Re: Zookeeper delay to reconnect

Posted by Sergei Babovich <sb...@demandware.com>.

Thanks, Patrick!
On 09/27/2012 07:55 PM, Patrick Hunt wrote:
> The random sleep was explicitly added to reduce herd effects and
> general "spinning client" problems iirc. Keep in mind that ZK
> generally trades of performance for availability.
That's exactly my concern - it is not about performance - from the 
client's point of view having reconnect delay makes cluster effectively 
unavailable for up to a second. In a scenarios when you have relatively 
low number of sessions (herding is not a concern) with each session 
processing a lot of requests such strategy potentially causes 
instability - there is no way to gracefully handle intermittent errors 
caused by normal operation procedures without risking client's stability.
> It wouldn't be a
> good idea to remove it in general. If anything we should have a more
> aggressive backoff policy in the case where clients are just spinning.
>
> Perhaps a plug-able approach here? Where the default is something like
> what we already have, but allow users to implement their own policy if
> they like. We could have a few implementations "out of the box"; 1)
> current, 2) no wait, 3) exponential backoff after trying each server
> in the ensemble, etc... This would also allow for experimentation.
Totally agree - customizable strategy should be an answer to facilitate 
different requirements.
Just curious: does randomized delay make a real difference here?

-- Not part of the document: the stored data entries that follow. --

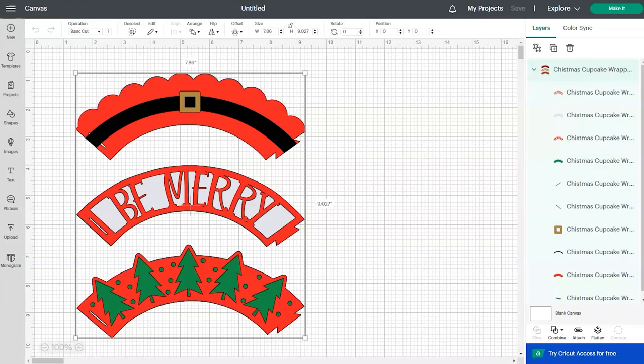I'm going to show you how to set up and cut these designs in Cricut Design Space. If you're unsure how to unzip and import designs into Cricut Design Space, be sure to check out my step-by-step tutorial. This is what the designs will look like when you import them onto your canvas screen. These bottom two designs are layered — there's a red layer in front and a white layer behind, and on this one there's a red layer in front and a green layer behind. Up here on this Santa-looking cupcake wrapper it's just one layer of red and then there's a black belt with a little gold buckle.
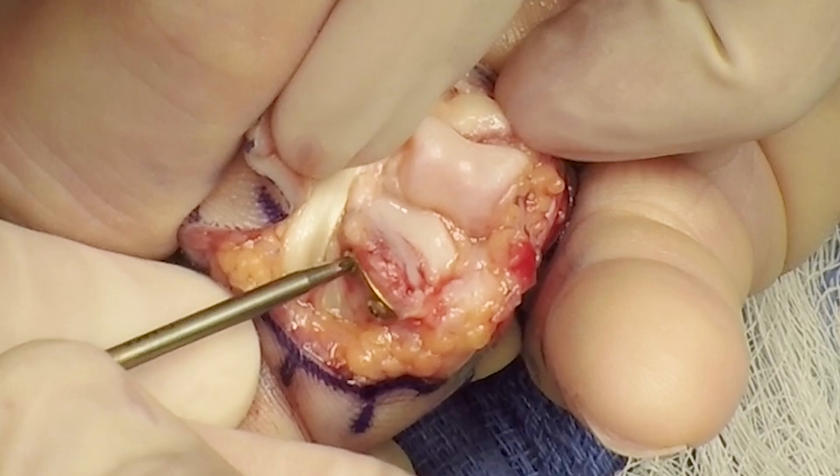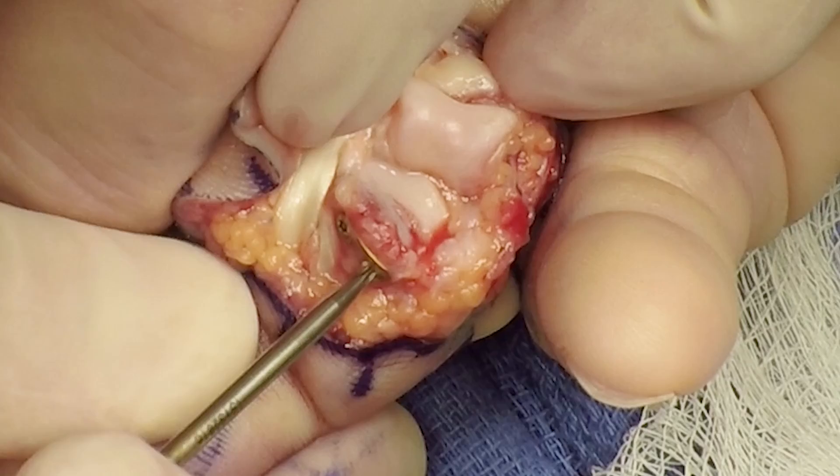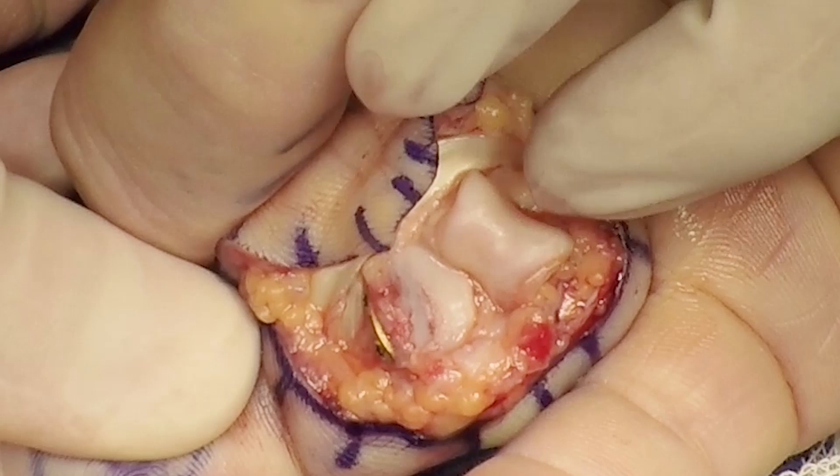Care is taken not to over-tighten the screws, which can narrow the joint. Anatomic reduction of the fracture is achieved.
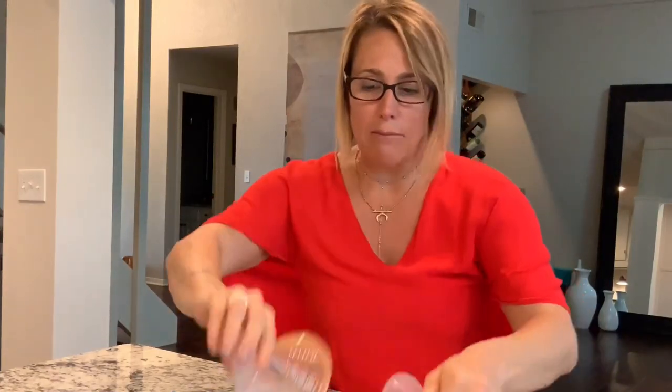So there are lots of different kinds out there. We have Medela, we have Pumping Pal, and there are other brands — Amita, you name it.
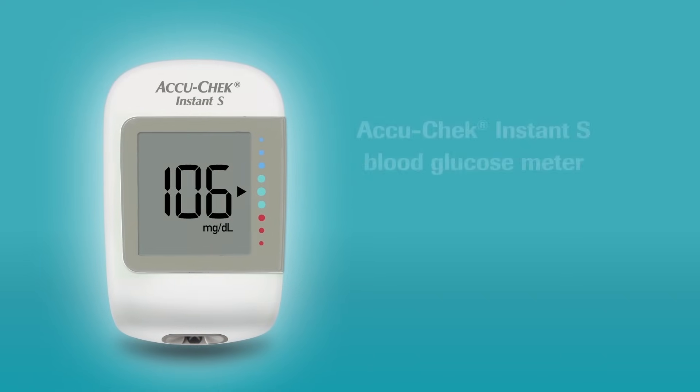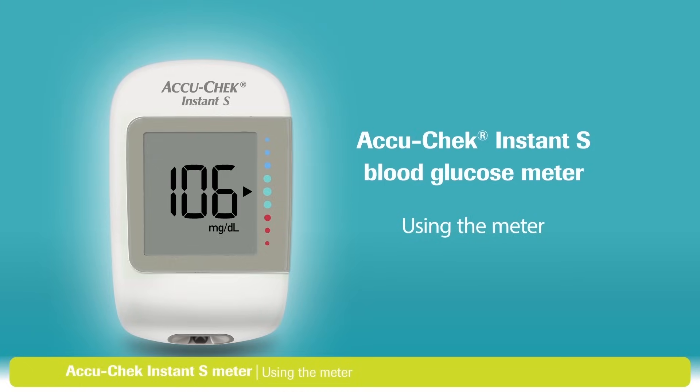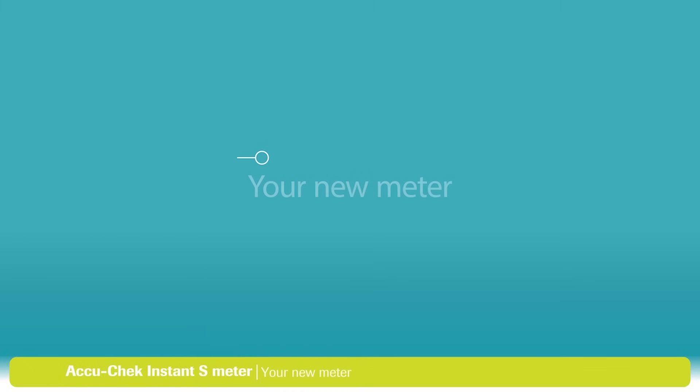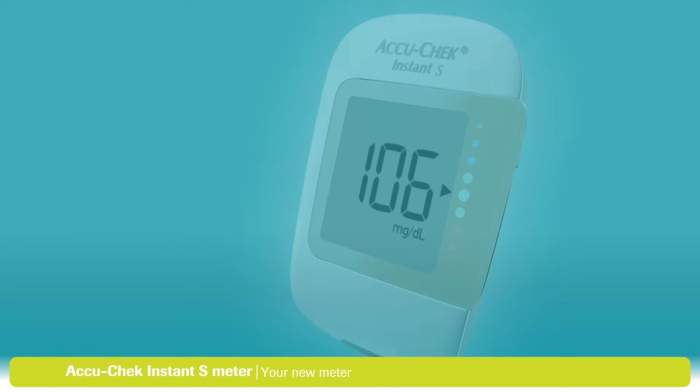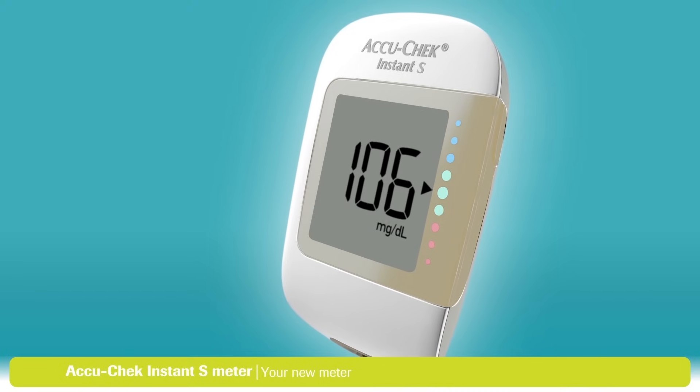In this video, we'll walk you through using your AccuCheck Instant S blood glucose meter. If you're worried about learning the steps involved, don't be. This video is divided into small sections, so if you miss anything, you can always go back and watch that part again.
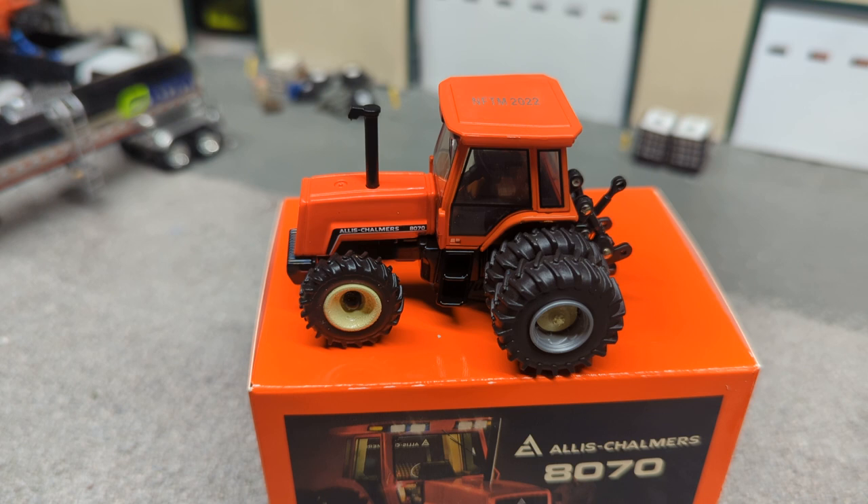I love me some AC — particularly these 8070s, I always thought they looked pretty cool. That'll do it, guys. That ran almost six and a half minutes long. I apologize for rambling, but I do hope you enjoyed the review video.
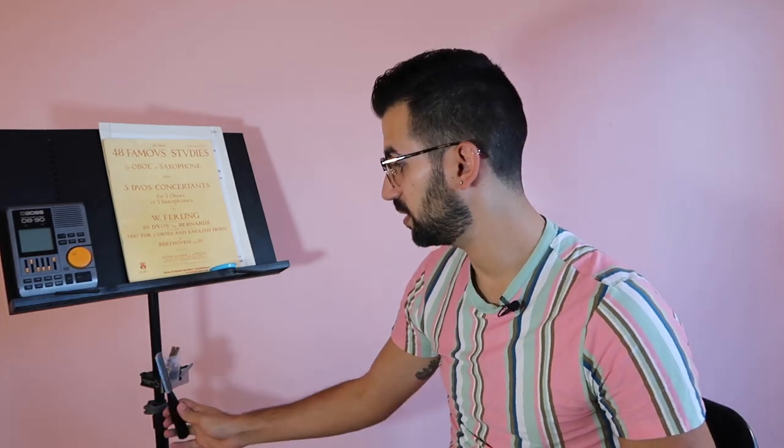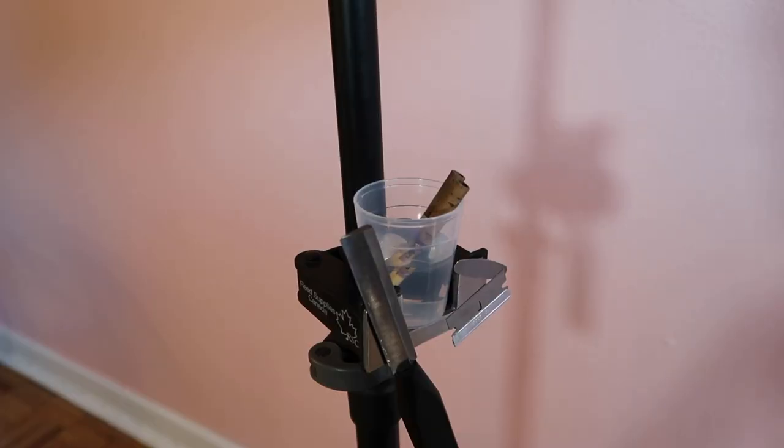If you need to use your plaque during the show, you just stick your plaque right on to the magnetic surface. You want a little knife on there? Easy. A razor blade? Done. Anything you need — it's easy and accessible.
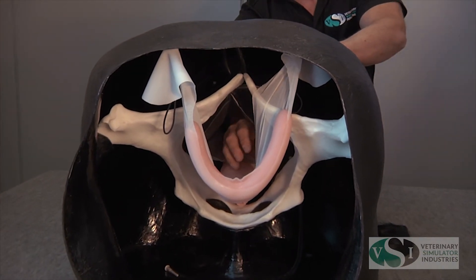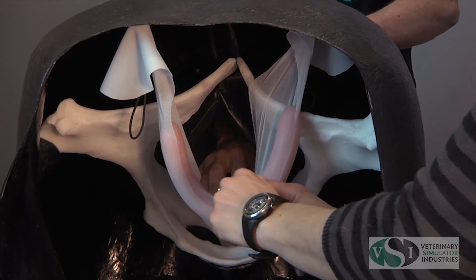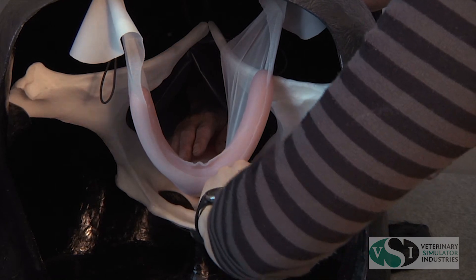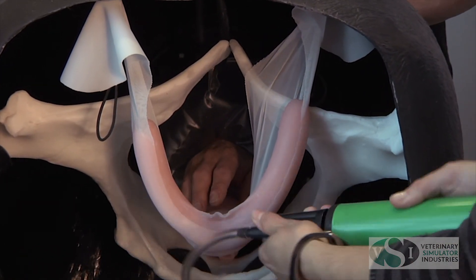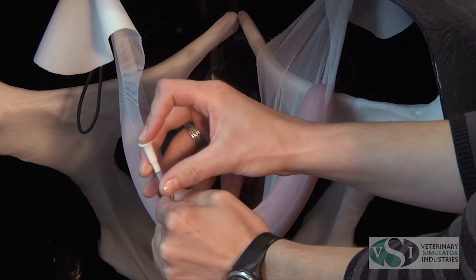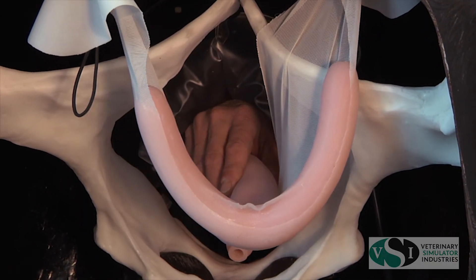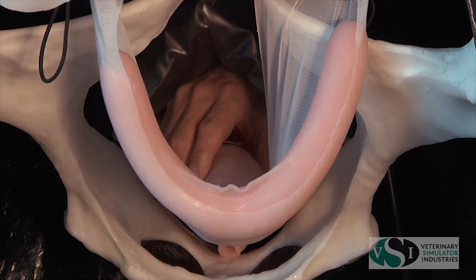During palpation demonstrations, inflate the rectum using the pump provided. This is designed to represent the pressure felt during rectal palpations.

Was it 
a real issue somebody hit? I'd expect that randomizing server address to 
reconnect should be enough - the load will be evenly distributed across 
the rest of the cluster node and should not create a problem assuming 
enough zookeeper cluster capacity.
>
> Patrick
>
> On Thu, Sep 27, 2012 at 2:28 PM, Michi Mutsuzaki <mi...@cs.stanford.edu> wrote:
>> Hi Sergei,
>>
>> Your suggestion sounds reasonable to me. I think the sleep was added
>> so that the client doesn't spin when the entire zookeeper is down. The
>> client could try to connect to each server without sleep, and sleep
>> for 1 second only after failing to connect to all the servers in the
>> cluster.
>>
>> Thanks!
>> --Michi
>>
>> On Thu, Sep 27, 2012 at 1:34 PM, Sergei Babovich
>> <sb...@demandware.com> wrote:
>>> Hi,
>>> Zookeeper implements a delay of up to 1 second before trying to reconnect.
>>>
>>> ClientCnxn$SendThread
>>>          @Override
>>>          public void run() {
>>>              ...
>>>              while (state.isAlive()) {
>>>                  try {
>>>                      if (!clientCnxnSocket.isConnected()) {
>>>                          if(!isFirstConnect){
>>>                              try {
>>>                                  Thread.sleep(r.nextInt(1000));
>>>                              } catch (InterruptedException e) {
>>>                                  LOG.warn("Unexpected exception", e);
>>>                              }
>>>
>>> This creates "outages" (even with simple retry on ConnectionLoss) up to 1s
>>> even with perfectly healthy cluster like in scenario of rolling restart. In
>>> our scenario it might be a problem under high load creating a spike in a
>>> number of requests waiting on zk operation.
>>> Would it be a better strategy to perform reconnect attempt immediately at
>>> least one time? Or there is more to it?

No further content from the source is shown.